My friend Laura asked me to post the words I spoke at Mom's memorial service. Here you go, Laur. Thanks for everything.
Thank you for being here today.
When we moved Mom in 2003, she thought she had left her meaningful life behind. Friends, church, community in the Bay Area...it was all she had known for over forty years. Starting over is hard at any age, but at 76? Neither of us could imagine.
But then she came to Faith Church. When we went to look at the two Episcopal churches near our house, Mom decided to come to Faith for one reason: she thought she might not be able to climb the steps outside the church in Placerville for much longer. How many times have I thanked God for those steps? Many!
And so we came to Cameron Park. The first thing she noticed was the lack of kneelers and then the screens on the wall; these were a stretch for a conservative Episcopalian woman. But you loved her. You welcomed her. You drove her to church, included her in your fellowship, shared books with her, visited her when she was sick. And now we are here, in her church HOME, for a memorial service with friends and clergy whom she really knew and loved. I cannot thank you enough.
And to our friends who are here: you've been a rock for us. Thanks for your prayers and for letting us lean on you. It is good to know we are not alone.
And now to brag on my Mama a bit. She was an independent, courageous, hilarious and articulate woman.
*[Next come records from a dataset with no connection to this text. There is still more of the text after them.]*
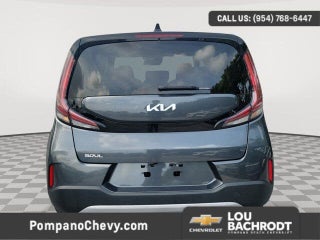 2023 Kia Soul thumbnail – Pompano Beach, FL – 4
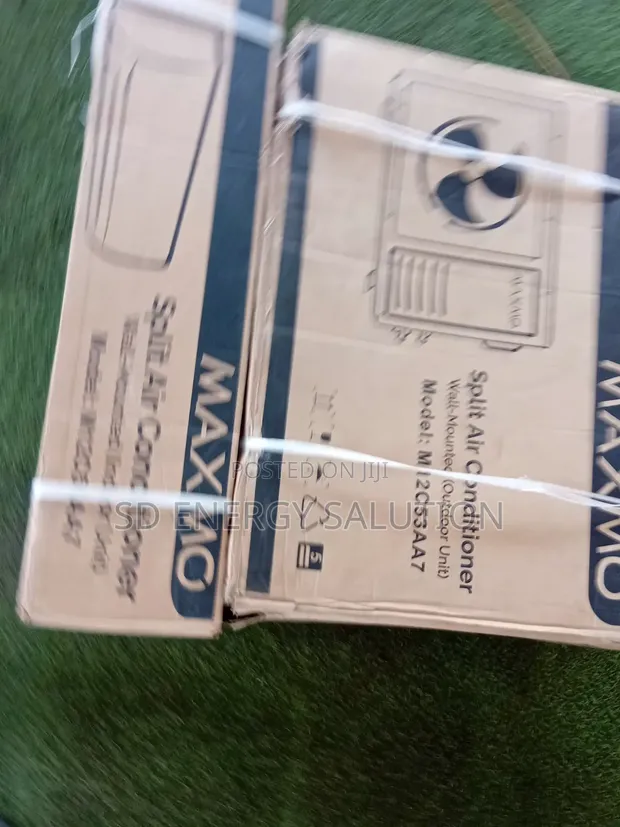 Maxmo 1.5HP Split Air Conditioner - 1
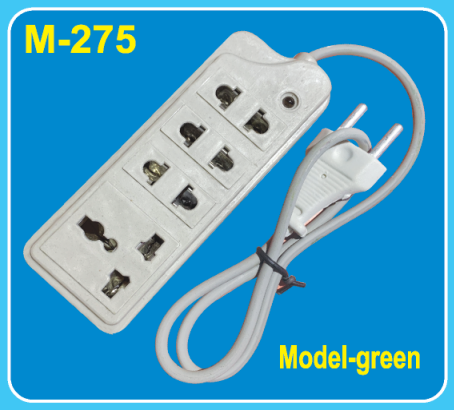 M-275 | M Power Model Green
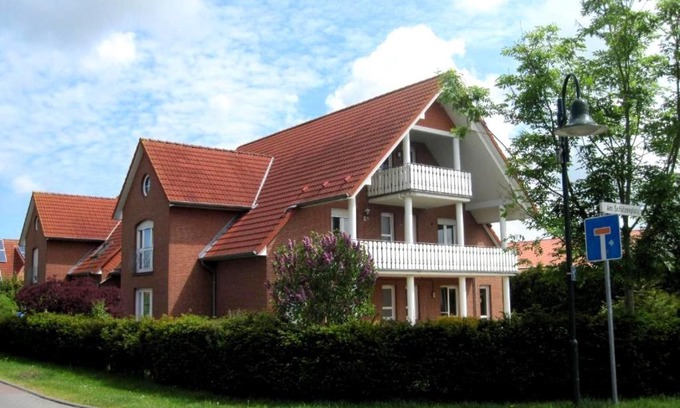 Dornum Maison | Pension Nordseebriese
She loved with a fierce love. It was a beautiful thing to be loved by my mother; I am so glad I could be her daughter.
What else did Mom love?
She loved books:
Through all my growing up years, I remember seeing my beautiful mother curled up with a mystery as we went to bed. When we lived in Los Altos, she eventually switched over to the Mountain View library; she had read all the mysteries in the Los Altos one.
I remember her reading
Charlotte's Web aloud to us when we were little.
I remember Mom bringing me new books when I was sick.
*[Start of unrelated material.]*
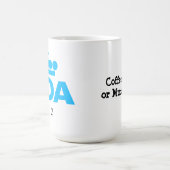 Mug KOA 2012 - "glissements de terrain " (Centre)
Charlie and the Chocolate Factory, All Things Bright and Beautiful, 84 Charing Cross Road.
She introduced me to C.S. Lewis. What a gift. And just this year I felt a thrill when I was able to introduce HER to Wendell Berry.
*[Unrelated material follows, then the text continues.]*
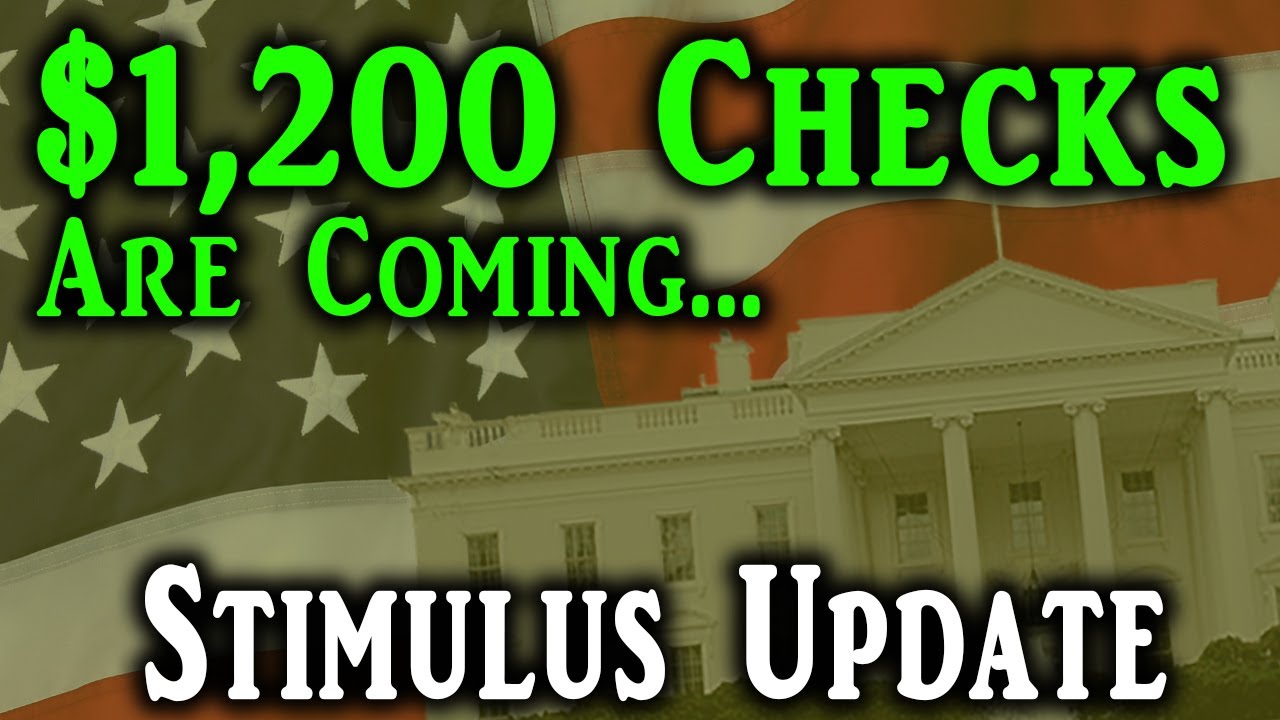 Second Stimulus Check Update And Stimulus Package Update: $1,200 Checks | Social Security | Taxes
We joked about writing a book together, using the typical El Dorado County property surveying dispute we were having in our neighborhood. We named it
The Property Line, but she had yet to decide if she would be the Jane Marple detective, or if she was to be the murderer...it would be a "who dunit" you wouldn't guess until the very last page.
We have made a lot of library trips in the last eight years. With her large bag of books, making her way to the check-out line, one of the grandchildren would surreptitiously grab her bag. And those bags were heavy! She never stopped reading, never stopped learning. When she died,
Mornings on Horseback (a biography of Teddy Roosevelt) was on her table, open to the last page she had read.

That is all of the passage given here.